(Records provided):
= Beginning of Section =

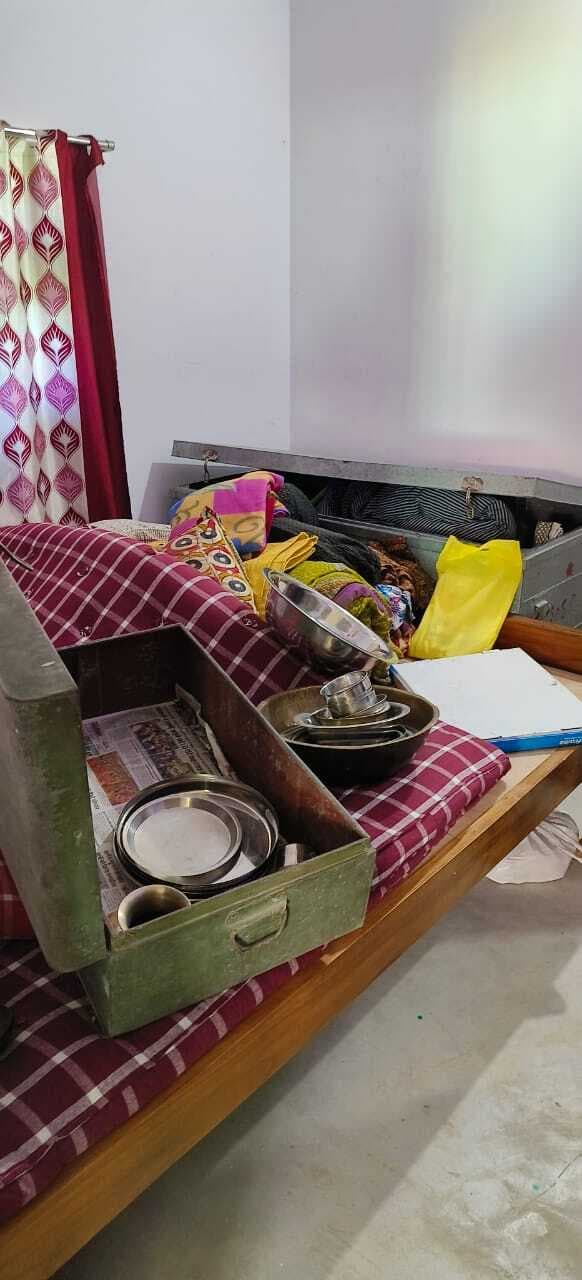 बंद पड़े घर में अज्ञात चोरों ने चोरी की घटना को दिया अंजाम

= End of Section =
= Beginning of Section =

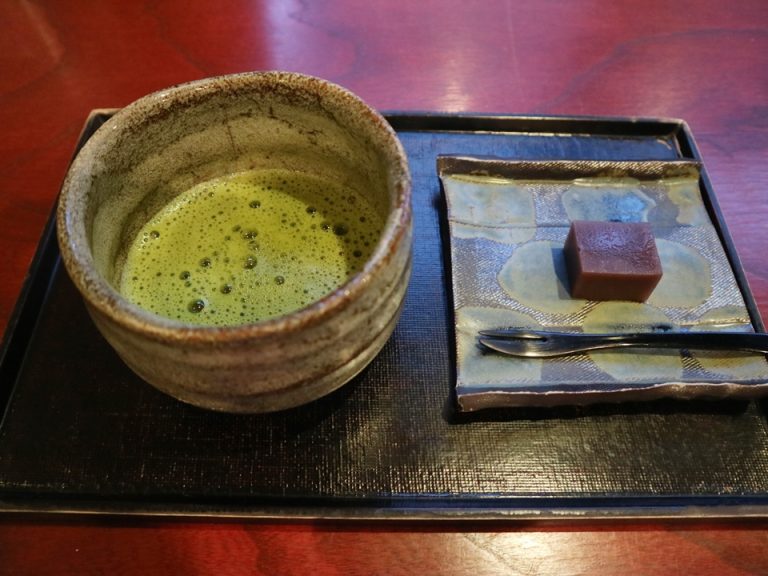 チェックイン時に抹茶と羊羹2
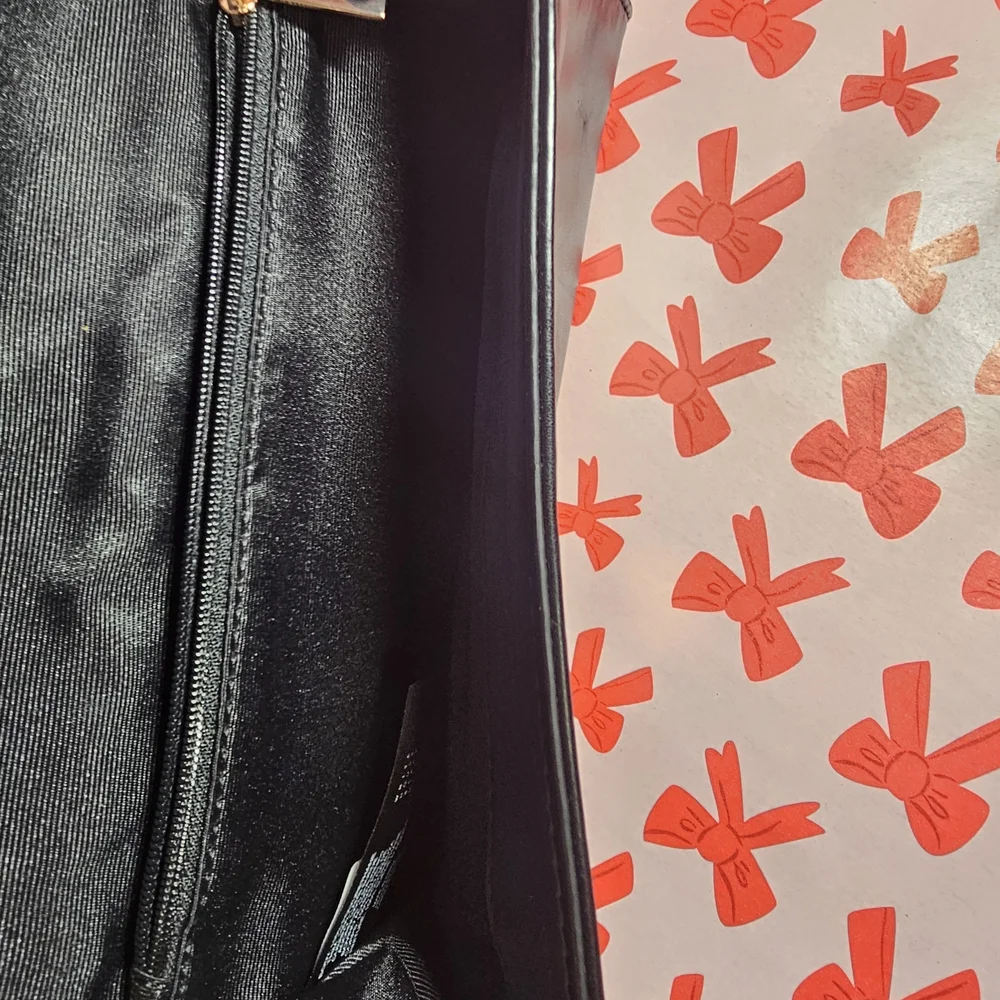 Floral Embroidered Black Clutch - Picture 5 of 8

= End of Section =

(Exercise):
Reproduce the lines above starting at the one with "チェックイン時に抹茶と羊羹2" and ending at the one with "Floral Embroidered Black", both included, exactly and with no pictures.

(Written answer):
 チェックイン時に抹茶と羊羹2
 Floral Embroidered Black Clutch - Picture 5 of 8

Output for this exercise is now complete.